Bruce Girrell on wed 18 oct 00
I wanted to express my thanks to Ian Currie and the Village Potters Guild of
Plymouth MI for the excellent workshop this past weekend.
It was quite an experience to see Ian's method operate in a mass production
setting*. Making the tiles was the first thing done so that the firing could
get underway. Each group had five participants working together to obtain
ingredients, weigh, mix, measure, and apply the glaze combinations. Despite
people moving everywhere and doing different jobs, this went really smoothly
thanks to good preparation and instruction. The preparation of the test
tiles took about 2 to 2 1/2 hours. The Guild fired the tiles overnight and
we examined them the next day.
After the tiles went into the kilns, Ian explained the theory behind his
method. Using slides, fired test tiles, pottery samples, and a good dash of
humor, he showed how his method has evolved into what it is today. Some of
the glazes that have come out of his experiments are absolutely beautiful.
Although the amount of effort required to prepare the tiles is far from
trivial, the information obtained is most certainly worth it. Glazes
immediately adjacent to one another on the test tiles often had vastly
different qualities. There is _no way_ that these results could have been
anticipated through the use of a glaze calculation program. Many of the more
interesting results were outside the range that produced "good glass" or
else were right on the edge of it (especially the opalescent effects).

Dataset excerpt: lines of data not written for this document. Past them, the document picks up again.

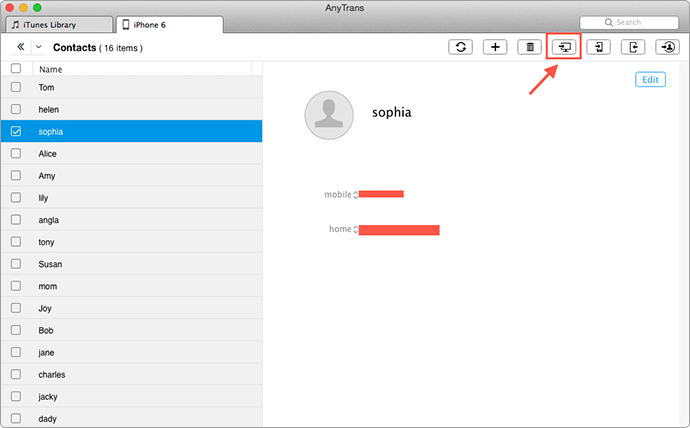 Transfer Contacts from iPhone to Laptop – Step 3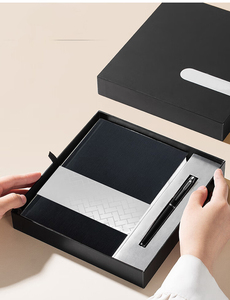 Juego de regalo de diario de negocios elegante Xinrunjin, cuaderno y bolígrafo de cuero PU Premium, artículos promocionales corporativos personalizables - Product Image 2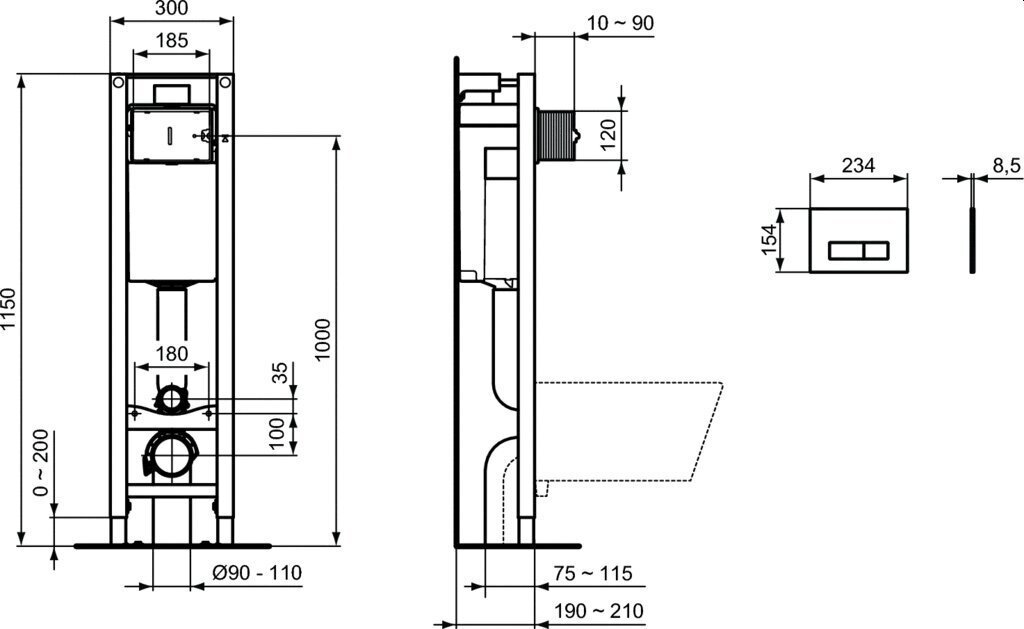 Seinale paigaldatav WC-poti komplekt Ideal Standard WC CONNECT RIM aeglaselt sulguva kaanega цена и информация | WС-potid | kaup24.ee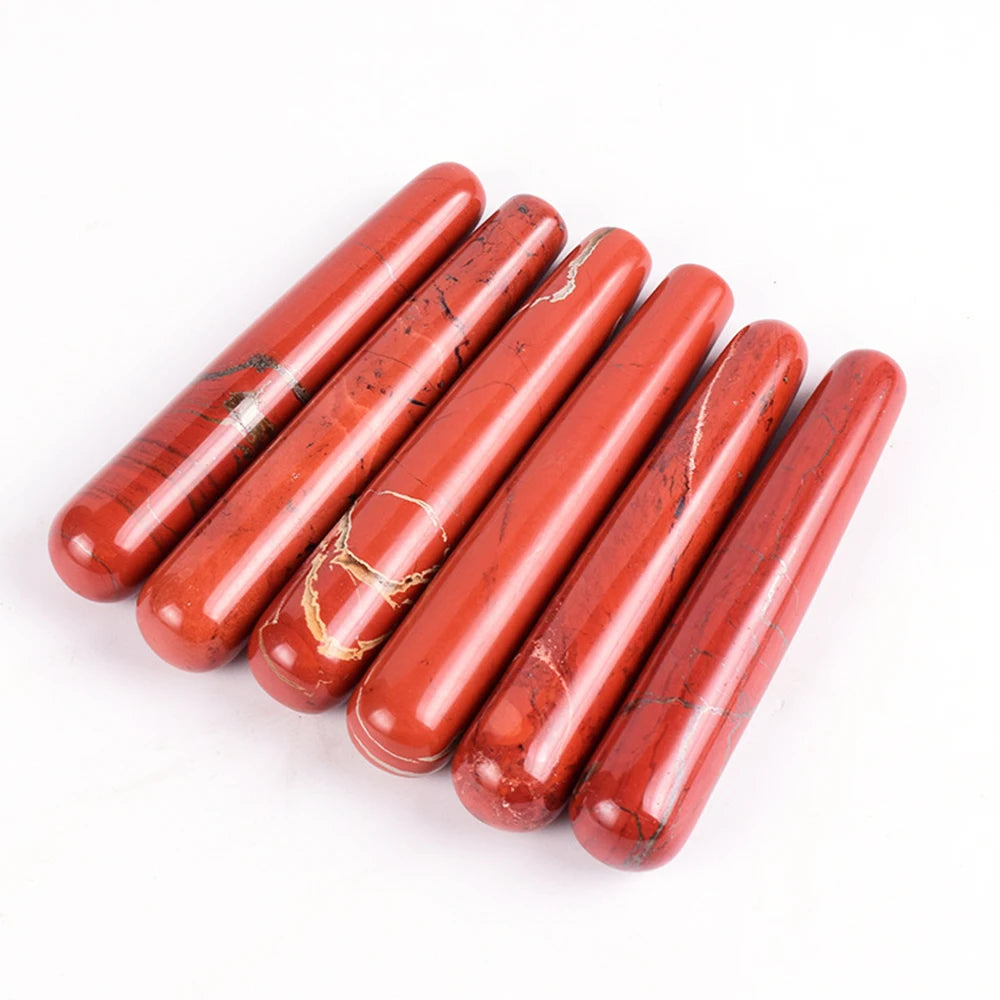 5Pcs/Lot Natural Red Jasper Wand Facial Skin Care Tools Massage Beauty Lifting Slimming Massage Stick Wholesale & DropShipping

Without Ian's systematic approach, you could mix recipe after recipe after
recipe and never stumble upon these beautiful glazes. Yes, it is pretty much
just a fancy line blend, but Ian has taken a lot of the calculation work out
of the process - so much so that I believe that even the complete glaze
novices there understood how to do it by the end of the workshop.
The most difficult part of Ian's method is deciding what your base set of
fluxes will be. For that, Ian provides some guidelines based on the desired
firing temperature. I believe Hamer and Hamer has a chart that indicates
appropriate fluxes to be used for the different firing ranges, as well.
I doubt that we've seen the last book from Ian. As we were examining the
tiles, it became evident that we were serving as worker bees for a much
larger experiment. As Ian goes from workshop to workshop, he varies his
standard glaze sets bit by bit. With each new firing he expands on his
previous results. You could almost see the gears spinning in his head as he
compared our results to previous glaze sets.
Special thanks go to Nancy Guido, who organized the workshop, Paula (sorry
Paula - I didn't think to get your last name), current Director of the
Village Potters Guild, and to those who helped set up, fire, and clean up.
Bruce and Lynne Girrell
in northern Michigan. Maybe not this next bisque, but surely the one after
that is going to have a batch of test tiles in it. Can't wait to try some
variations on what we've been using.
*There were at least two of us who had worked through Ian's method on our
own prior to the workshop, based on the instructions at Ian's website:
(http://ian.currie.to/). All the technical information that you need is
there. What you get from the workshop that you can't get from the website
are the little things, like how to hold the syringe to better control
application to the tile, why the glaze is applied thin and super thick, etc.